Middlesbrough’s casino plans looked doomed last night after the Government said there could be a High Court challenge if it was approved.

The scheme – aimed at bringing at least GBP 10m worth of investment and 300 jobs to the town – has been in limbo since a House of Lords vote two months ago.

Peers voted down an order to build Britain’s only „super-casino“ in Manchester, and blocked licences for 16 smaller gambling sites, including in Middlesbrough and Scarborough.

Since then, Culture Secretary Tessa Jowell has been under growing pressure to allow the 16 to go ahead without Manchester.

But a Government Minister has now warned that the plan was a non-starter, because the 17 licences can only legally be accepted or rejected in their entirety.

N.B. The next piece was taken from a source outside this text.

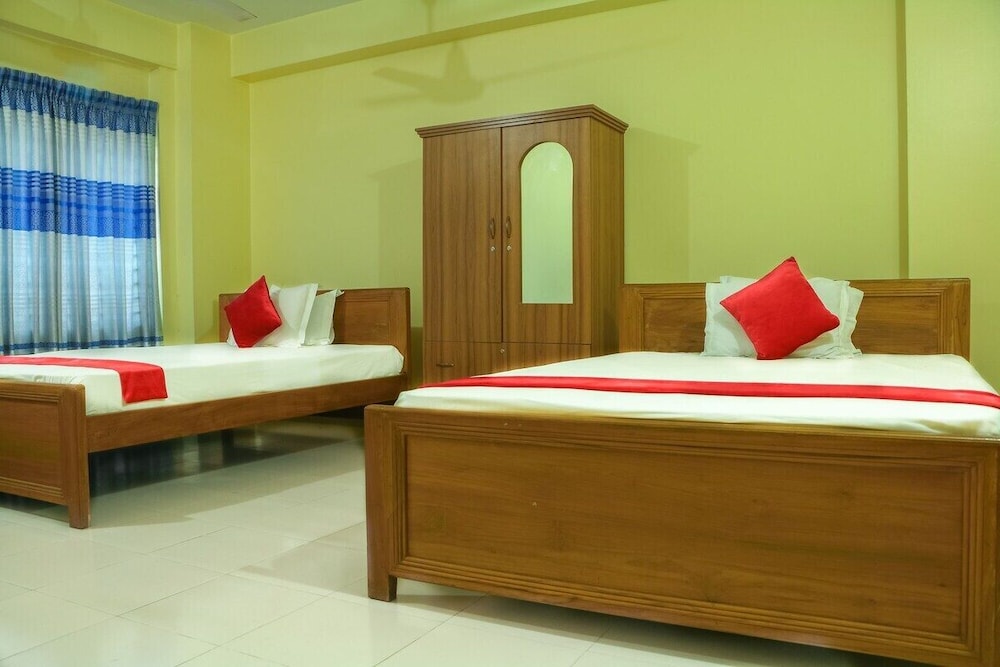 Family Quadruple Room, City View photo 1
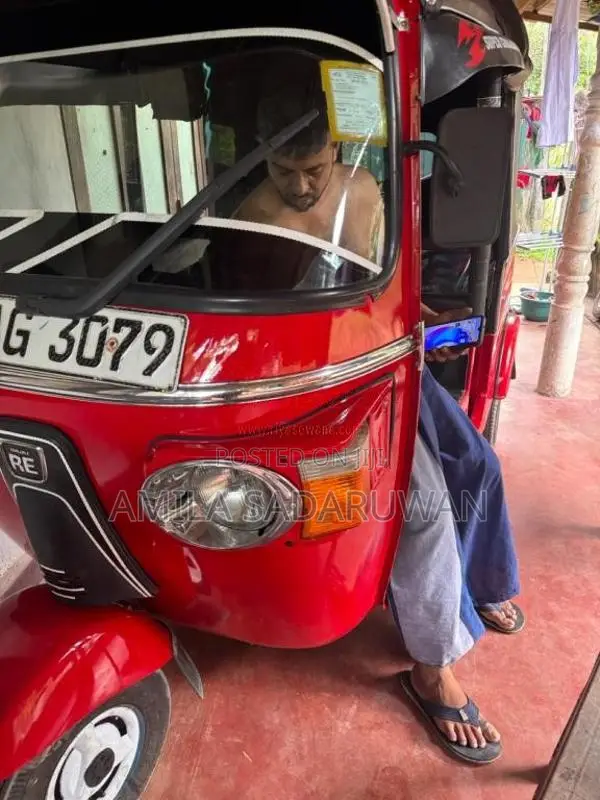 Bajaj RE 205 2013 Three Wheel (Used)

Lord Davies told peers calling for the split that they must „live with the consequences of this action.“

The alternative to splitting the order is to bring forward legislation to overturn the Lords defeat and assert the supremacy of the elected Commons.

But Tony Blair leaves Downing Street in less than four weeks, and his successor, Gordon Brown, is cool on casinos, doubting their ability to regenerate struggling areas.

Whitehall sources say the Chancellor has signalled he will not tackle the issue in his crucial first few months.

The deadlock means Middlesbrough council cannot press ahead with tendering for a 1,500sq metre casino, with 150 slot machines and GBP 4,000 jackpots.

Expected to open by spring 2010, and featuring restaurants, bars and a hotel, it is planned for the regenerated Middlehaven site or Middlesbrough Leisure Park, in Marton Road.

A Middlesbrough Council spokeswoman said: „We are awaiting the Government’s next move. They are saying they are still committed to the legislation, so further speculation will achieve nothing.“

Scarborough, in North Yorkshire, is another winner-in-waiting, grabbing one of eight licences for a small casino, with 80 slot machines.

There was anger when Manchester was selected for the Las Vegas-style supercasino with unlimited jackpots, ahead of the favourite Blackpool.

The Government had already bowed to pressure from the Tories and many of its own backbenchers by agreeing that only one supercasino would be opened as a pilot.

Before the vote on March 28, Ms Jowell warned that a defeat for the Government would kill off the casinos because there was „no plan B“.